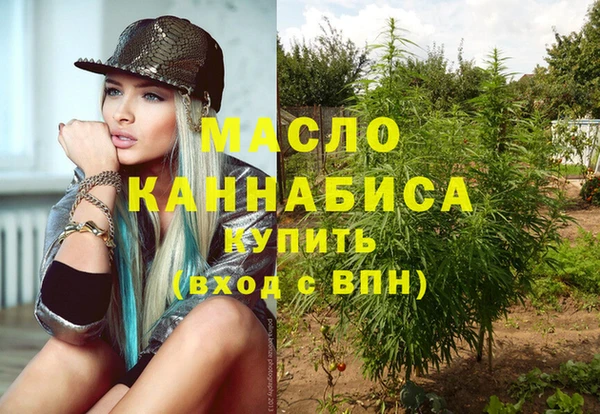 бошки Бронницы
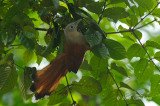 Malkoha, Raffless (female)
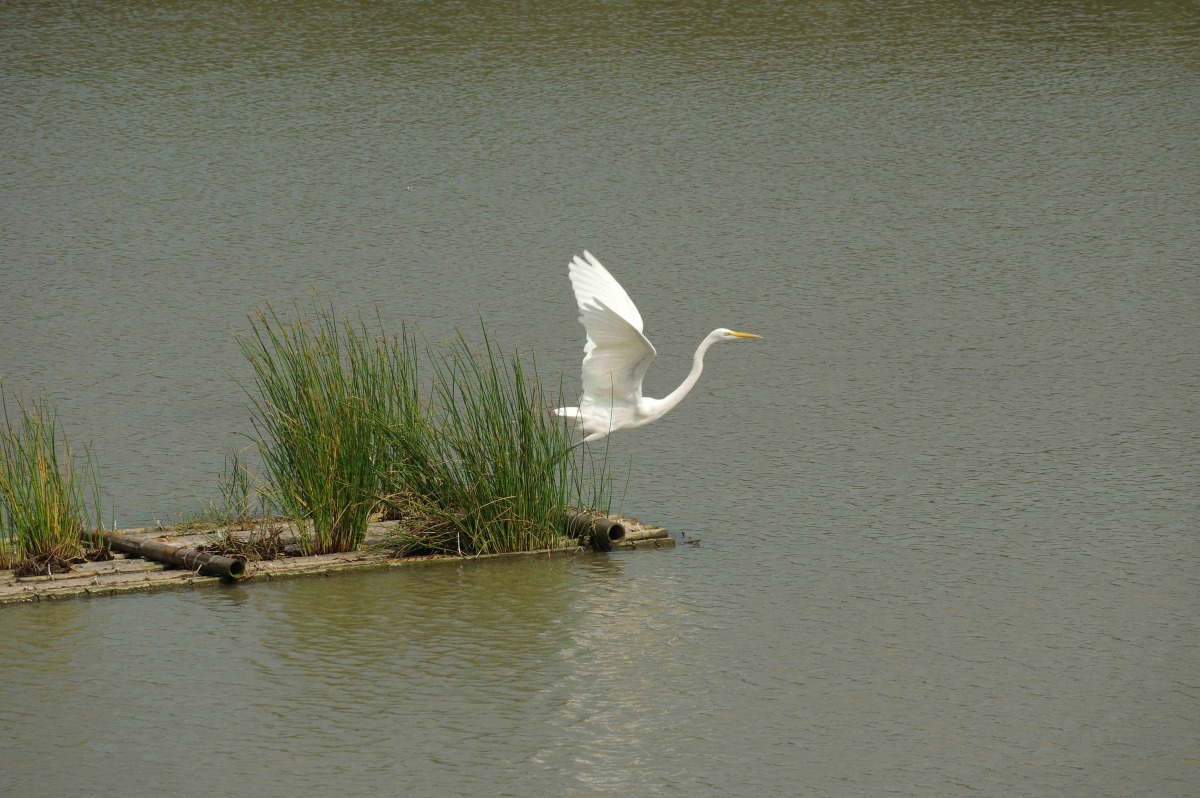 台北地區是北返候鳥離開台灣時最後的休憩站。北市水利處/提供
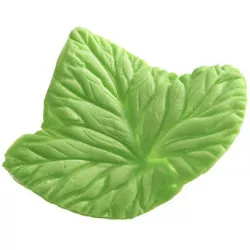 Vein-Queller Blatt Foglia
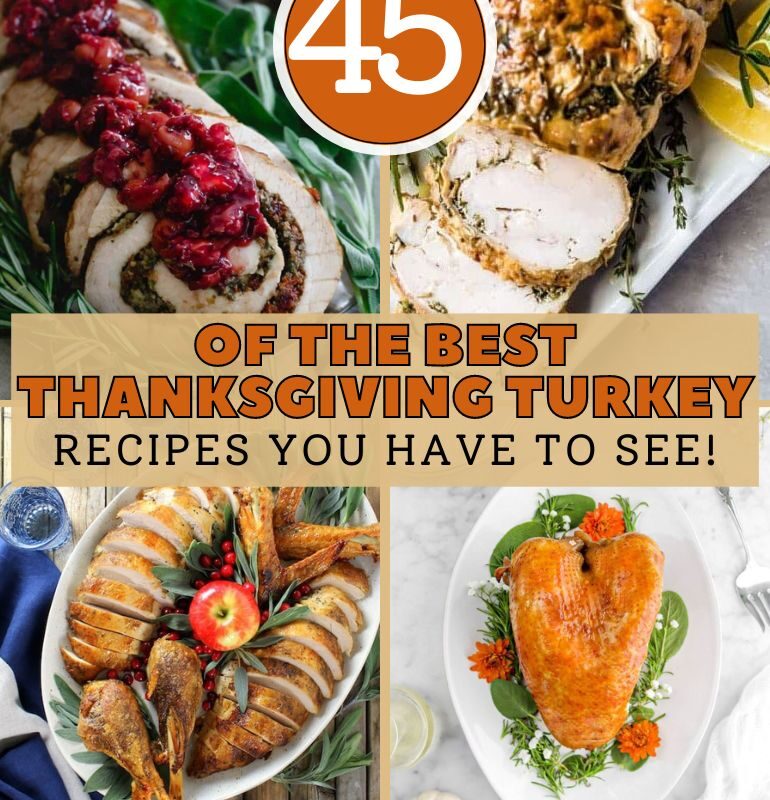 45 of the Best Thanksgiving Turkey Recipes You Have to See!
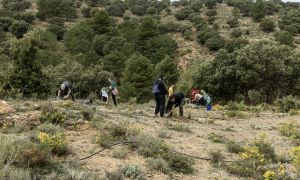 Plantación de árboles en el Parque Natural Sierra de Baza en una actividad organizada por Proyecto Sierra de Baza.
========================================================================
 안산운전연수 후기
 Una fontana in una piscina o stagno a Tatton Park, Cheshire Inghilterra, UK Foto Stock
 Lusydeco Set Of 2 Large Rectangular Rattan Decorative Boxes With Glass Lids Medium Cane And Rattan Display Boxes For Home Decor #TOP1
========================================================================
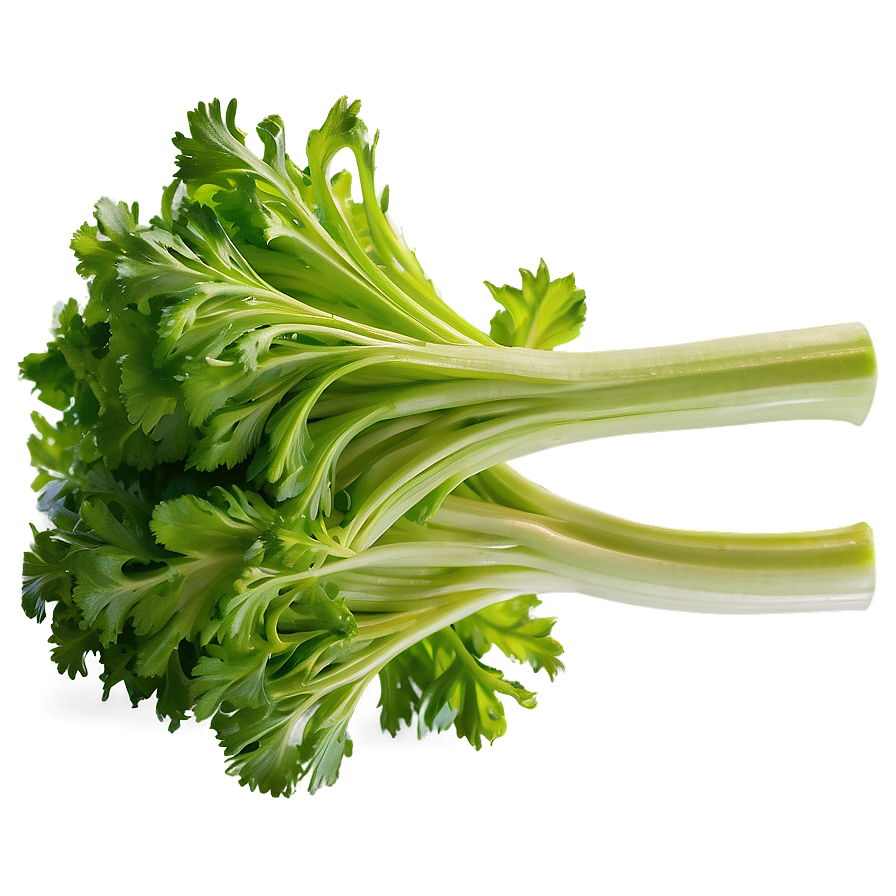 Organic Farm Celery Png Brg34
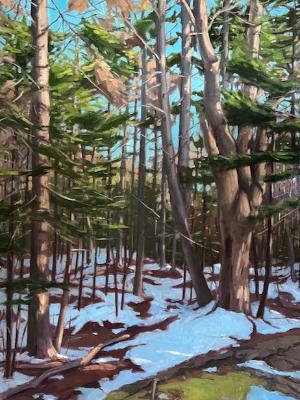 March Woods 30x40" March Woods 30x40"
========================================================================
Give again, exactly as written above, each line from the one that has "Malkoha, Raffless (female)" to the one that has "Plantación de árboles", both included; omit the pictures.

 Malkoha, Raffless (female)
 台北地區是北返候鳥離開台灣時最後的休憩站。北市水利處/提供
 Vein-Queller Blatt Foglia
 45 of the Best Thanksgiving Turkey Recipes You Have to See!
 Plantación de árboles en el Parque Natural Sierra de Baza en una actividad organizada por Proyecto Sierra de Baza.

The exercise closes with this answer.